I use iteration to run several tests to ensure that separate test batches are run with sliding stack alignment. (Pardon my wording - I'm sure you'll understand what I mean when you look at the code.)

What I ran into showed me that the alignment problem may not be as simple as your conclusion tells. It appears that several (i.e. more than two) different levels of performance may be achieved depending on alignment on single, double, triple, etc... word boundary. Please, compile and run the attached program (based on yours, but uses iteration and computes non-sense number) and look at the pattern of varying execution times. It appears that every 2hd test takes 2-3 times longer. But on top of that, every 16th test takes 5-6 times longer. ... Actually, I just pulled the test data into a spreadsheet and made a barchart out of it.  You can see for yourself. There is a visible harmonic pattern to it.

Also, running my program with -server also exhibits a similar pattern, although the peaks are not nearly as pronounced. Overall my test rogram runs significantly faster with -server. I attached the chart for the -server run as well.

I just thought you might like to know this, since you were interested in the problem in the first place.

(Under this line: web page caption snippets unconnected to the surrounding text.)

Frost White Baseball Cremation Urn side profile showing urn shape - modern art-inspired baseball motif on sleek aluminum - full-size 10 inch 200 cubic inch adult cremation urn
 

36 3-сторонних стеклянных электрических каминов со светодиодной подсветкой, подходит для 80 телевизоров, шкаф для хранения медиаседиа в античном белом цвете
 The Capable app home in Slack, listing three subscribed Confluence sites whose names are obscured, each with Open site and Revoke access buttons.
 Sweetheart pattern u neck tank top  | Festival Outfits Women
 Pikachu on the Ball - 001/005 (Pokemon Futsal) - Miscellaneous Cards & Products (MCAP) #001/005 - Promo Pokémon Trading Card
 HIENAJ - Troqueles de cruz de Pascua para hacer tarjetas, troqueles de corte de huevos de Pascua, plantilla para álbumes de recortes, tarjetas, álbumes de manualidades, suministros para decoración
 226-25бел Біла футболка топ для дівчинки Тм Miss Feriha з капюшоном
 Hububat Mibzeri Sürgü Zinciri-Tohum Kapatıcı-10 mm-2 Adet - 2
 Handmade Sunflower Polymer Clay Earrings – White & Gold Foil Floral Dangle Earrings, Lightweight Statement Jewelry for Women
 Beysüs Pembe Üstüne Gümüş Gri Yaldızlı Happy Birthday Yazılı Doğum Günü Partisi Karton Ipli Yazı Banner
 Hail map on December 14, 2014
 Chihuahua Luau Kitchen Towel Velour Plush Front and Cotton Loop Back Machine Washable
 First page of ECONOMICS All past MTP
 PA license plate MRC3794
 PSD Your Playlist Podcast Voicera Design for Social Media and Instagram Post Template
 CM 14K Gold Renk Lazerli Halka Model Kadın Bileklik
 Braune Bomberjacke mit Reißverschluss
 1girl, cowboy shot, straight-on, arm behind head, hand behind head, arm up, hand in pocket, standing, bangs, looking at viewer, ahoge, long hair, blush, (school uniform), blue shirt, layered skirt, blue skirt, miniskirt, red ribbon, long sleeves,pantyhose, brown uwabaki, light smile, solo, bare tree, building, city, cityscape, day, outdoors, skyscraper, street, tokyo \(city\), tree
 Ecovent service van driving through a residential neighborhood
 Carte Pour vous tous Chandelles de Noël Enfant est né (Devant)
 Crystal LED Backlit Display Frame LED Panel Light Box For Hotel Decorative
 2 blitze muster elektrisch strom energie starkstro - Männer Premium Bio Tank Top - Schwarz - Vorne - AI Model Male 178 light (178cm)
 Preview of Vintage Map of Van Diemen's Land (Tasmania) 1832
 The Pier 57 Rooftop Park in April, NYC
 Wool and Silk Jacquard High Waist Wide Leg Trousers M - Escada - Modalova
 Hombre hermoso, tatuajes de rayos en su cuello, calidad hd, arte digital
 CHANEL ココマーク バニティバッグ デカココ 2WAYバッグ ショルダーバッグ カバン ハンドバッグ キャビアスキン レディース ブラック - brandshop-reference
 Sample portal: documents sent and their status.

Also, I was hoping that you could put my test program on your website and add a comment on Sun's site referring to it, since I don't have web space readily available to me.

Thanks,
--
Ilya A. Kriveshko
And here is the program DoubleTest.java and charts of the results for client JVM and server JVM

A possible explanation?

My own best guess as to why there are complicated patterns in the results is that the penalty for a misaligned double varies depending on whether the double also crosses other boundaries such as a cache-line boundary or a page boundary.  This might explain the complex patterns in these results, but doesn't explain why the server JVM shows variations when other tests indicated that it didn't suffer from the double misalignment problem.  I suspect it would take a detailed understanding of hotspot and x86 behaviour to fully explain these results.  I was able to stabilize the performance variations somewhat in my experiments by inserting unused extra local int variables, but not fully.  Perhaps one of the hotspot engineers will eventually enlighten us.